Exact reproduction of every record is required, and pictures are to be excluded.

▶ INFORMATION SUPPLIED:
=====

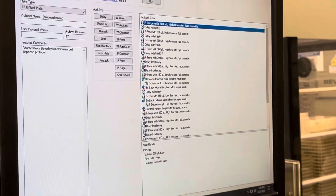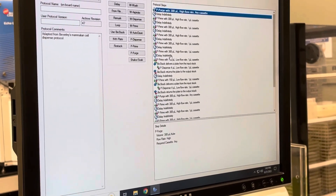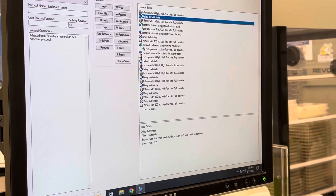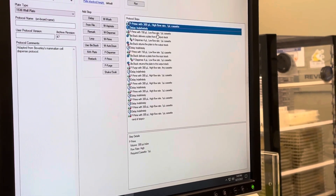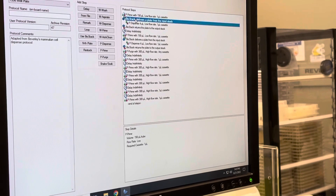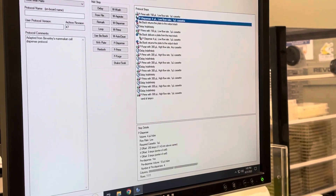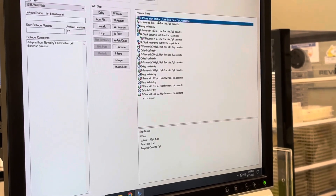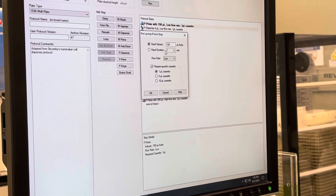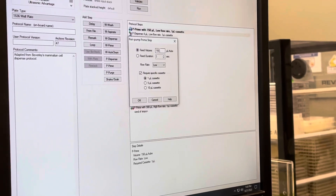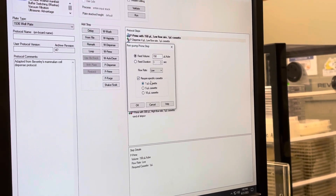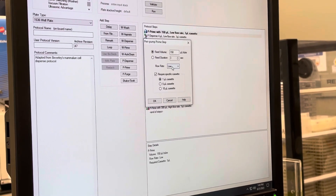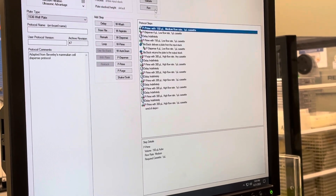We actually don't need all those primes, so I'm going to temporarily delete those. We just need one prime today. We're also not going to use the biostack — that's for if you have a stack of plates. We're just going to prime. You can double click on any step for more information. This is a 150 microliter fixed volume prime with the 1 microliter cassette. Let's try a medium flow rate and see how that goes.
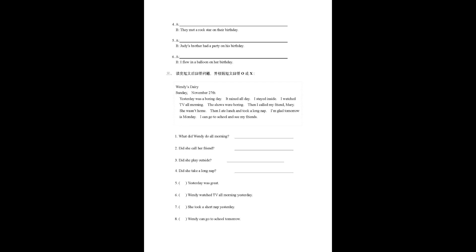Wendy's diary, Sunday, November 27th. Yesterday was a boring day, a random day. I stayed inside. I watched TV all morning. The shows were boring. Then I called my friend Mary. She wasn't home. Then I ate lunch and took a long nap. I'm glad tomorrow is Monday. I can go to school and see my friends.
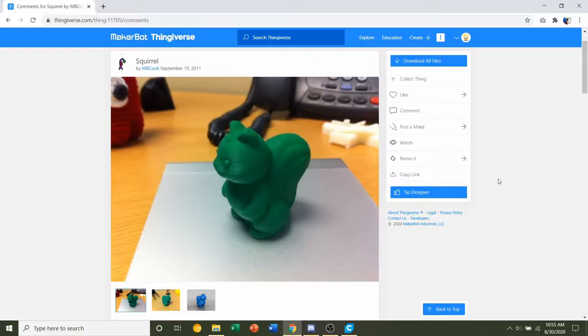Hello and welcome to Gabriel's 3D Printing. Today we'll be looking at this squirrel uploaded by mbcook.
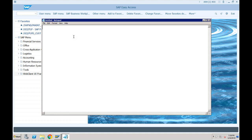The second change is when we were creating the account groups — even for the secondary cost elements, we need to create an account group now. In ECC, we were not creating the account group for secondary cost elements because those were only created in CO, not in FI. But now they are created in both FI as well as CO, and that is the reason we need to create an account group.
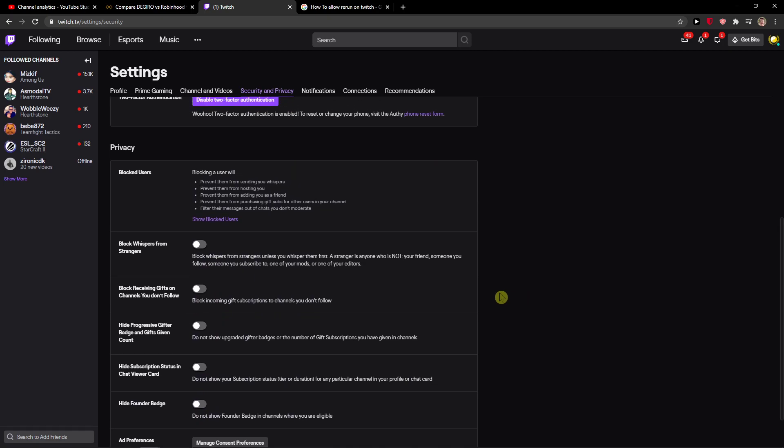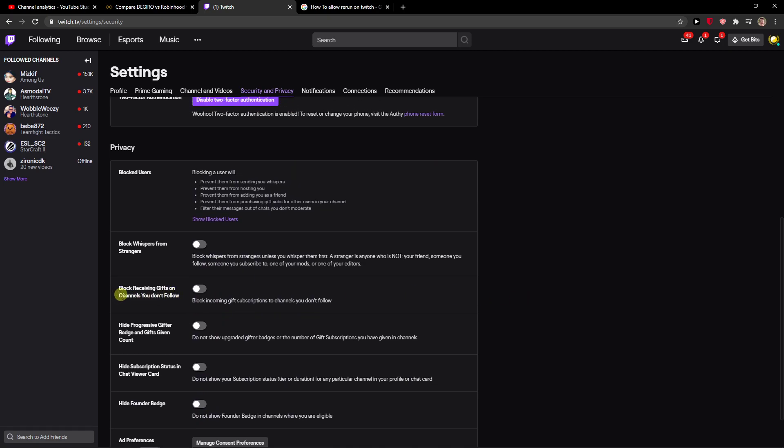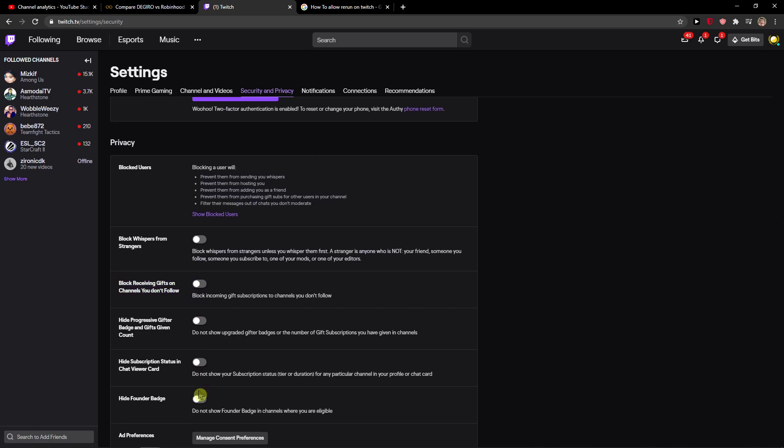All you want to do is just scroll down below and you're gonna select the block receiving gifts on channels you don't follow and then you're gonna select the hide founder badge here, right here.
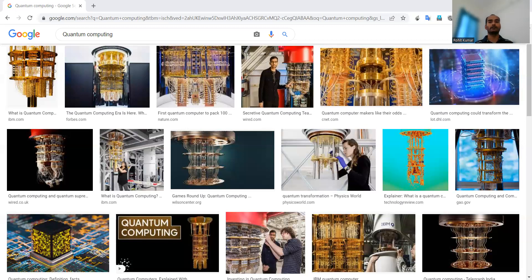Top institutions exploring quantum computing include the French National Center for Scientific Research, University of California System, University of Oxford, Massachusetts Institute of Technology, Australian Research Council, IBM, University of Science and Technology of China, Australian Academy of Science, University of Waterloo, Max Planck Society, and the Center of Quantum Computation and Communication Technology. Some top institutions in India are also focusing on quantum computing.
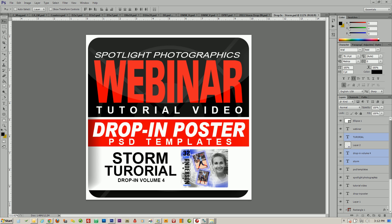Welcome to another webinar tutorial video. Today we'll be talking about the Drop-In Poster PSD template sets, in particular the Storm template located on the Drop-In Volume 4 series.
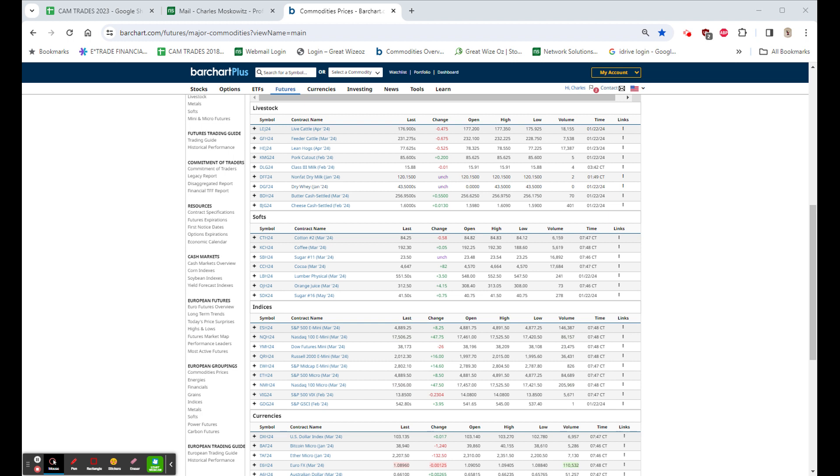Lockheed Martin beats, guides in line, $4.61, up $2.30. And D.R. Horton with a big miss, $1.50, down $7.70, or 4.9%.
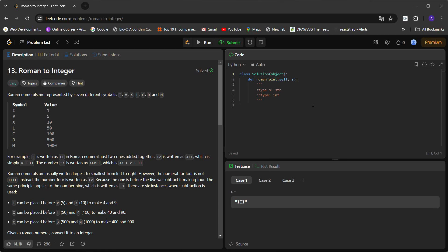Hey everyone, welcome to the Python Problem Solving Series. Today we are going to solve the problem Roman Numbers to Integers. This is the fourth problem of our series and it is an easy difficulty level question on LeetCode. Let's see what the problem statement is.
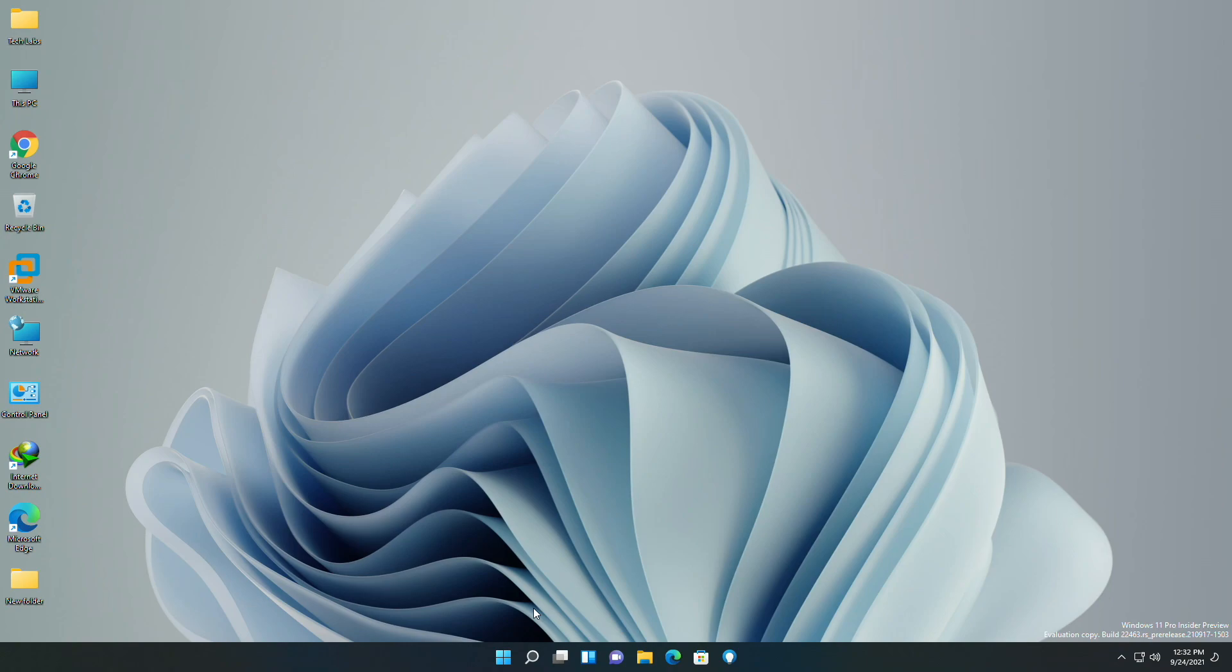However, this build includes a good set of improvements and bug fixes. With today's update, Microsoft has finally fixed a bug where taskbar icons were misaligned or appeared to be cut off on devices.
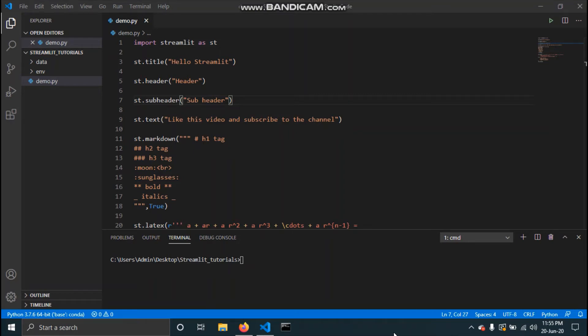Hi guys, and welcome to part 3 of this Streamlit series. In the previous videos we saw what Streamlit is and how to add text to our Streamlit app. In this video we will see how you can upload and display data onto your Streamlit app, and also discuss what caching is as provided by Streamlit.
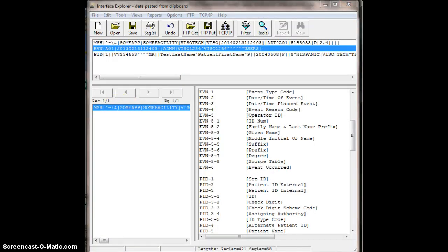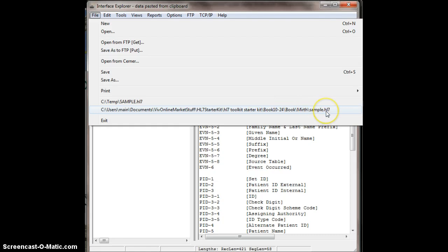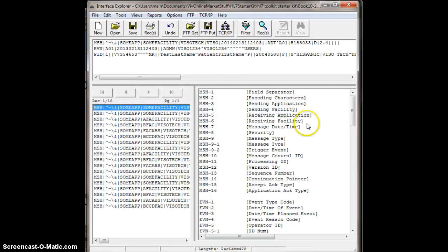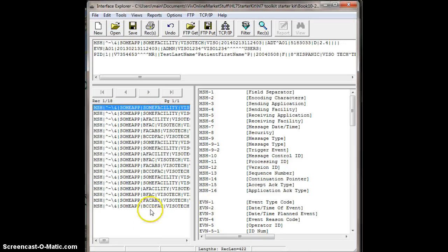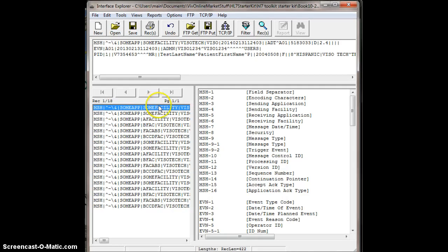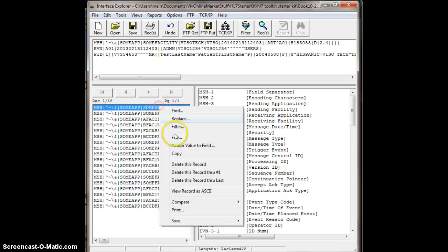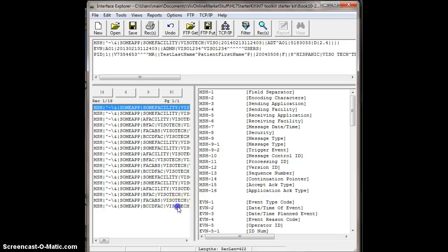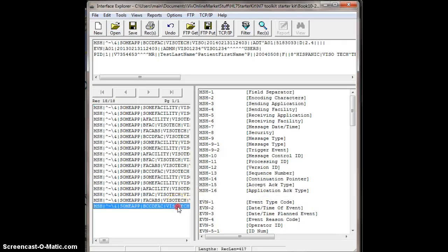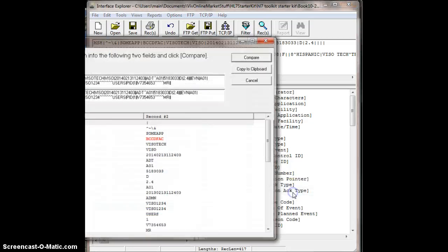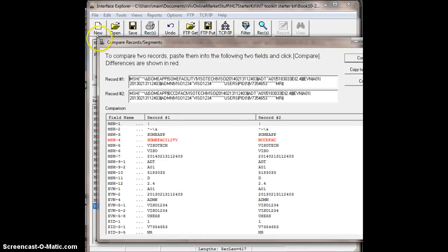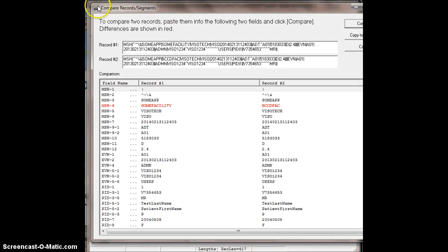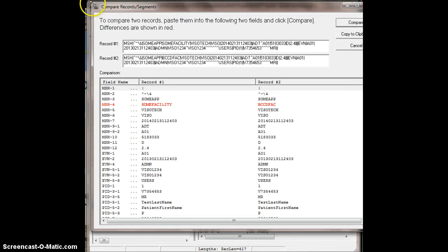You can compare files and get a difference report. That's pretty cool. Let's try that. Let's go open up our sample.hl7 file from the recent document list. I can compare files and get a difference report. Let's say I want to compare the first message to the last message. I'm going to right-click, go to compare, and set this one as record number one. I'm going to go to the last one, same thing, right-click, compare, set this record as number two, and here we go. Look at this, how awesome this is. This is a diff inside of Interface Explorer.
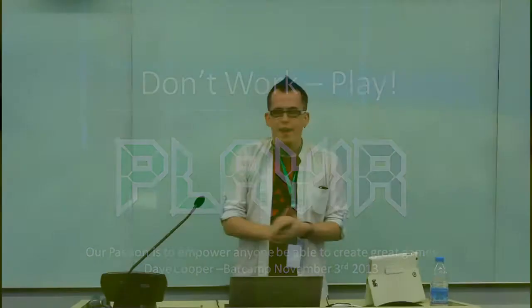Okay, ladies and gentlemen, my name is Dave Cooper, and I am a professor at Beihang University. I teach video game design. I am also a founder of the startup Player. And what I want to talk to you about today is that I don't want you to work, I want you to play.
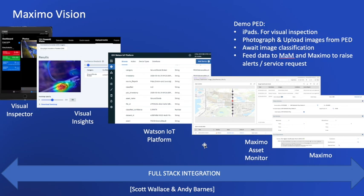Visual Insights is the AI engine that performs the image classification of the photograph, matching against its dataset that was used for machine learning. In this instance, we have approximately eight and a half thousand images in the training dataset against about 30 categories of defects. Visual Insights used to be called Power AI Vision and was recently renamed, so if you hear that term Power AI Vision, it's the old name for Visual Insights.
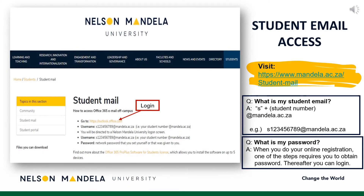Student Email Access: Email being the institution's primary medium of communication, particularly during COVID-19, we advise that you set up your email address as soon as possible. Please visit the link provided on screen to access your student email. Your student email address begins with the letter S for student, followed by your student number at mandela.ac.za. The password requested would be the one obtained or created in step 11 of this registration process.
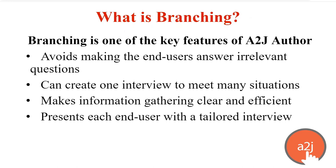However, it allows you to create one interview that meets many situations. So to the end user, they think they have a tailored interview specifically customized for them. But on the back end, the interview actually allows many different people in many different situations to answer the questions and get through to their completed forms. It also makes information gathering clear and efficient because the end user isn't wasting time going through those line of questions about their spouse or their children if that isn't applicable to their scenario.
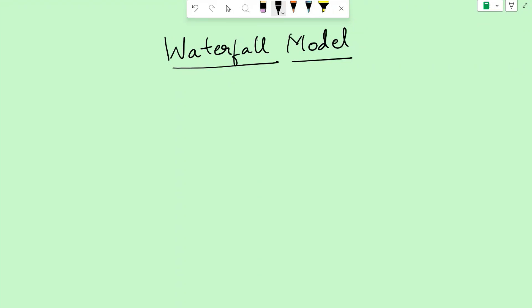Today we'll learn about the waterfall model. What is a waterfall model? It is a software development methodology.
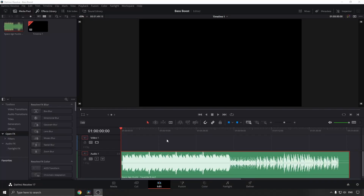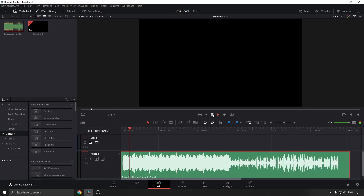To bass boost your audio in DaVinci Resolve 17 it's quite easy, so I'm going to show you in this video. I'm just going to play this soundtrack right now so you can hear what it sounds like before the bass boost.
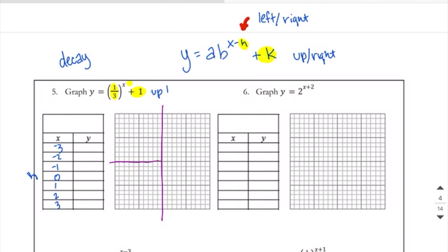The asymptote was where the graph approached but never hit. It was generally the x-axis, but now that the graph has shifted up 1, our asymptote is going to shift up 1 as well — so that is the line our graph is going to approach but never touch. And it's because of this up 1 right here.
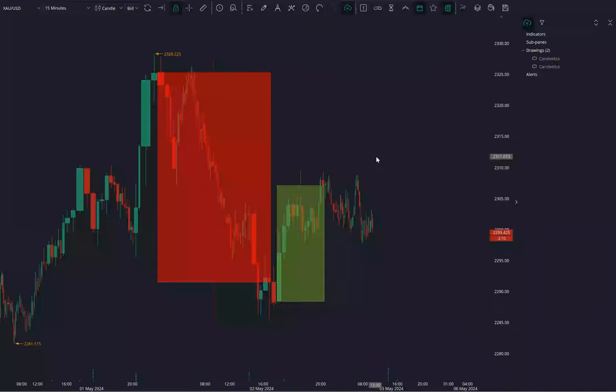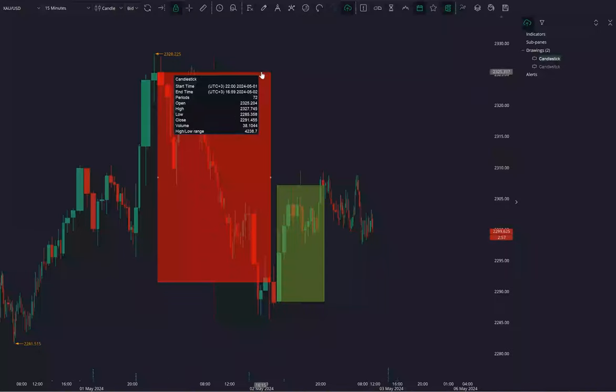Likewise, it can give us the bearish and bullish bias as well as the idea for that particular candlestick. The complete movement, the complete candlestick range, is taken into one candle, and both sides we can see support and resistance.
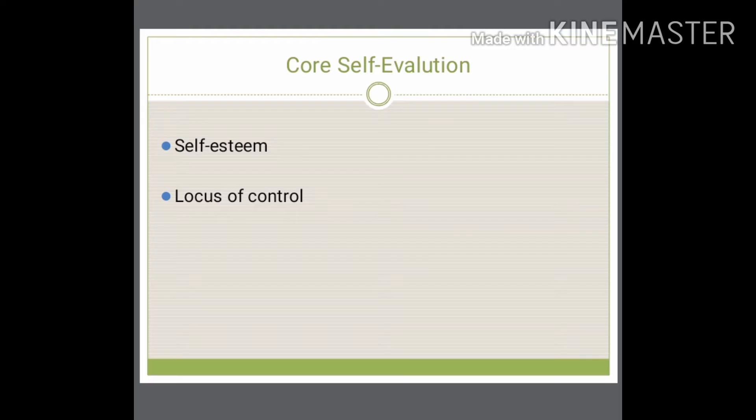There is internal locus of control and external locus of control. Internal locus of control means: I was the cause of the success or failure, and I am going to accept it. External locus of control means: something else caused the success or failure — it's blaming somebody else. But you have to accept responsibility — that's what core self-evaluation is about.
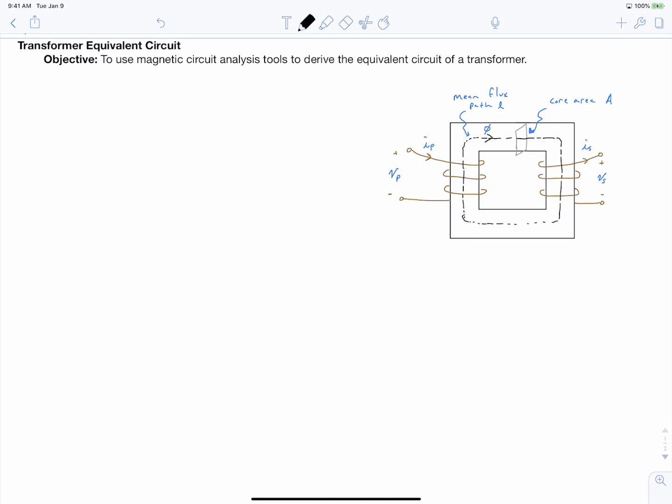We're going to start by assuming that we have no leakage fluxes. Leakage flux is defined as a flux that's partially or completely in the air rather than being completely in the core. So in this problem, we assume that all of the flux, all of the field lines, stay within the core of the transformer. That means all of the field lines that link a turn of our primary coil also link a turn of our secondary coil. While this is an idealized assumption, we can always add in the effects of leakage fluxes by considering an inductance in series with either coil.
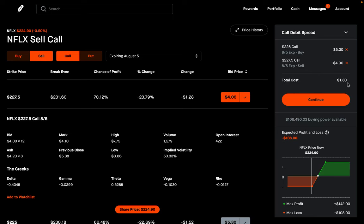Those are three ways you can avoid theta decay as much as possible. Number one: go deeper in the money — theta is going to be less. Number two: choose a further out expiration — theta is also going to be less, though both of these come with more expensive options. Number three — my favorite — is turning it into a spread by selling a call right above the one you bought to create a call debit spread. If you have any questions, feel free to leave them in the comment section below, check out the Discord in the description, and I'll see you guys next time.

=====

▶ ANSWER SPACE:
We actually don't need all those primes, so I'm going to temporarily delete those. We just need one prime today. We're also not going to use the biostack — that's for if you have a stack of plates. We're just going to prime. You can double click on any step for more information. This is a 150 microliter fixed volume prime with the 1 microliter cassette. Let's try a medium flow rate and see how that goes.
Wendy's diary, Sunday, November 27th. Yesterday was a boring day, a random day. I stayed inside. I watched TV all morning. The shows were boring. Then I called my friend Mary. She wasn't home. Then I ate lunch and took a long nap. I'm glad tomorrow is Monday. I can go to school and see my friends.
Hello and welcome to Gabriel's 3D Printing. Today we'll be looking at this squirrel uploaded by mbcook.
The second change is when we were creating the account groups — even for the secondary cost elements, we need to create an account group now. In ECC, we were not creating the account group for secondary cost elements because those were only created in CO, not in FI. But now they are created in both FI as well as CO, and that is the reason we need to create an account group.
All you want to do is just scroll down below and you're gonna select the block receiving gifts on channels you don't follow and then you're gonna select the hide founder badge here, right here.
Top institutions exploring quantum computing include the French National Center for Scientific Research, University of California System, University of Oxford, Massachusetts Institute of Technology, Australian Research Council, IBM, University of Science and Technology of China, Australian Academy of Science, University of Waterloo, Max Planck Society, and the Center of Quantum Computation and Communication Technology. Some top institutions in India are also focusing on quantum computing.
Welcome to another webinar tutorial video. Today we'll be talking about the Drop-In Poster PSD template sets, in particular the Storm template located on the Drop-In Volume 4 series.
Lockheed Martin beats, guides in line, $4.61, up $2.30. And D.R. Horton with a big miss, $1.50, down $7.70, or 4.9%.
Hey everyone, welcome to the Python Problem Solving Series. Today we are going to solve the problem Roman Numbers to Integers. This is the fourth problem of our series and it is an easy difficulty level question on LeetCode. Let's see what the problem statement is.
However, this build includes a good set of improvements and bug fixes. With today's update, Microsoft has finally fixed a bug where taskbar icons were misaligned or appeared to be cut off on devices.
Hi guys, and welcome to part 3 of this Streamlit series. In the previous videos we saw what Streamlit is and how to add text to our Streamlit app. In this video we will see how you can upload and display data onto your Streamlit app, and also discuss what caching is as provided by Streamlit.
You can compare files and get a difference report. That's pretty cool. Let's try that. Let's go open up our sample.hl7 file from the recent document list. I can compare files and get a difference report. Let's say I want to compare the first message to the last message. I'm going to right-click, go to compare, and set this one as record number one. I'm going to go to the last one, same thing, right-click, compare, set this record as number two, and here we go. Look at this, how awesome this is. This is a diff inside of Interface Explorer.
Okay, ladies and gentlemen, my name is Dave Cooper, and I am a professor at Beihang University. I teach video game design. I am also a founder of the startup Player. And what I want to talk to you about today is that I don't want you to work, I want you to play.
Visual Insights is the AI engine that performs the image classification of the photograph, matching against its dataset that was used for machine learning. In this instance, we have approximately eight and a half thousand images in the training dataset against about 30 categories of defects. Visual Insights used to be called Power AI Vision and was recently renamed, so if you hear that term Power AI Vision, it's the old name for Visual Insights.
Student Email Access: Email being the institution's primary medium of communication, particularly during COVID-19, we advise that you set up your email address as soon as possible. Please visit the link provided on screen to access your student email. Your student email address begins with the letter S for student, followed by your student number at mandela.ac.za. The password requested would be the one obtained or created in step 11 of this registration process.
However, it allows you to create one interview that meets many situations. So to the end user, they think they have a tailored interview specifically customized for them. But on the back end, the interview actually allows many different people in many different situations to answer the questions and get through to their completed forms. It also makes information gathering clear and efficient because the end user isn't wasting time going through those line of questions about their spouse or their children if that isn't applicable to their scenario.
Today we'll learn about the waterfall model. What is a waterfall model? It is a software development methodology.
To bass boost your audio in DaVinci Resolve 17 it's quite easy, so I'm going to show you in this video. I'm just going to play this soundtrack right now so you can hear what it sounds like before the bass boost.
The asymptote was where the graph approached but never hit. It was generally the x-axis, but now that the graph has shifted up 1, our asymptote is going to shift up 1 as well — so that is the line our graph is going to approach but never touch. And it's because of this up 1 right here.
Likewise, it can give us the bearish and bullish bias as well as the idea for that particular candlestick. The complete movement, the complete candlestick range, is taken into one candle, and both sides we can see support and resistance.
There is internal locus of control and external locus of control. Internal locus of control means: I was the cause of the success or failure, and I am going to accept it. External locus of control means: something else caused the success or failure — it's blaming somebody else. But you have to accept responsibility — that's what core self-evaluation is about.
We're going to start by assuming that we have no leakage fluxes. Leakage flux is defined as a flux that's partially or completely in the air rather than being completely in the core. So in this problem, we assume that all of the flux, all of the field lines, stay within the core of the transformer. That means all of the field lines that link a turn of our primary coil also link a turn of our secondary coil. While this is an idealized assumption, we can always add in the effects of leakage fluxes by considering an inductance in series with either coil.
Those are three ways you can avoid theta decay as much as possible. Number one: go deeper in the money — theta is going to be less. Number two: choose a further out expiration — theta is also going to be less, though both of these come with more expensive options. Number three — my favorite — is turning it into a spread by selling a call right above the one you bought to create a call debit spread. If you have any questions, feel free to leave them in the comment section below, check out the Discord in the description, and I'll see you guys next time.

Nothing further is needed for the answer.